Oblivion oblivious. Walks down the corridor. Fogg abandons the plant to its half-life. Follows. Says, What about the car?
– The car will be taken care of.
Fogg remembers this corridor. Remembers that same plant, decades before. Like them, it is one of the changed. Who knows where the Old Man found it. Fogg feels a strange sort of kinship with it. None of us choose what we become. Notices no dust on the floor, scuffed by the passage of too many feet over too many years – a clue that this place is not as abandoned as it appears. At the end of the corridor, a lift. No buttons to press.
– Hasn’t changed much around here, Fogg says.
Oblivion says, The Old Man doesn’t like change.

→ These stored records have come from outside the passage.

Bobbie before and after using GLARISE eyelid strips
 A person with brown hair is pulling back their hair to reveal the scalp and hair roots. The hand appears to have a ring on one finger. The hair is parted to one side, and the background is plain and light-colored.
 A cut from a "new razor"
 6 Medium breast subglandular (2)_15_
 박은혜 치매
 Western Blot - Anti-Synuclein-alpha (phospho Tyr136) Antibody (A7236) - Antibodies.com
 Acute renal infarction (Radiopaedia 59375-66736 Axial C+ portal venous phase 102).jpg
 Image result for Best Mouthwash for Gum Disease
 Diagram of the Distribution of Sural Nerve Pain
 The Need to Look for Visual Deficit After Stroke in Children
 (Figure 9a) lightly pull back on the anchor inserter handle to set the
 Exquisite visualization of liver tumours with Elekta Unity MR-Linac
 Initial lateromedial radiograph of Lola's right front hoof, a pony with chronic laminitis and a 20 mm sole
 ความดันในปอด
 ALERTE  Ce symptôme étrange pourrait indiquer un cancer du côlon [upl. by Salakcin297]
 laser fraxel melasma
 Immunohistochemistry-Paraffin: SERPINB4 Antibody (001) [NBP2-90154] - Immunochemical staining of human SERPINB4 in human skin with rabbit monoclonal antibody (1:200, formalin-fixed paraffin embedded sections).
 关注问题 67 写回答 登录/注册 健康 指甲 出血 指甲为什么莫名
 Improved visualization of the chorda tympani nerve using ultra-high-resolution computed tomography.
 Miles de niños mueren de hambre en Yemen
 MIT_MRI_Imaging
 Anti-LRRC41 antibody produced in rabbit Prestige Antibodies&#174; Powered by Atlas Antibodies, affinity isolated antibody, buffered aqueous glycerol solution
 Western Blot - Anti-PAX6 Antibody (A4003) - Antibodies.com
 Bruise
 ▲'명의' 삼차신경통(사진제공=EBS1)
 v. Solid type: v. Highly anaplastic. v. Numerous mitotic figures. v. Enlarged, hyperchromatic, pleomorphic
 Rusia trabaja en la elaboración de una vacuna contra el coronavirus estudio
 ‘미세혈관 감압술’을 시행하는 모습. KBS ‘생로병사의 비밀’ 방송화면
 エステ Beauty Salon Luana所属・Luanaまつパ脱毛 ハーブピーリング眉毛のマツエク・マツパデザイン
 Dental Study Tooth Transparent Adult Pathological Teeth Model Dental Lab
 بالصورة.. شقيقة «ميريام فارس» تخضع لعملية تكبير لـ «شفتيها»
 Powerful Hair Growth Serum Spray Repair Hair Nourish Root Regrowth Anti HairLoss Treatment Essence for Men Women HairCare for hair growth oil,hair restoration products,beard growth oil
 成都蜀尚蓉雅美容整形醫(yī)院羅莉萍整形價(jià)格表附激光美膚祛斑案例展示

Which is ironic, Fogg thinks, but doesn’t say. Doesn’t plan on saying anything much at all. Plans on saying, in fact, as little as possible. Afraid, however, that they already know.
The only real question, then, simply, is how much.
The lift pings. The doors slide open. Nobody likes change, Oblivion says. They get in the lift. The doors close, sealing them inside.
8.
THE BUREAU
the present
Blinking lights. The first thing Fogg notices is that the technology has been updated. An open-plan space, deep under Pall Mall. Maybe below the level of the Thames, even. The Bureau. London has always been a warren underground, and Pall Mall is no exception: secret passageways, Tube tunnels, sewers, cellars, more of London under- than above-ground. The Bureau didn’t build this space, merely colonised it. Ants in a warren. Or mushrooms, sporing. Take your pick.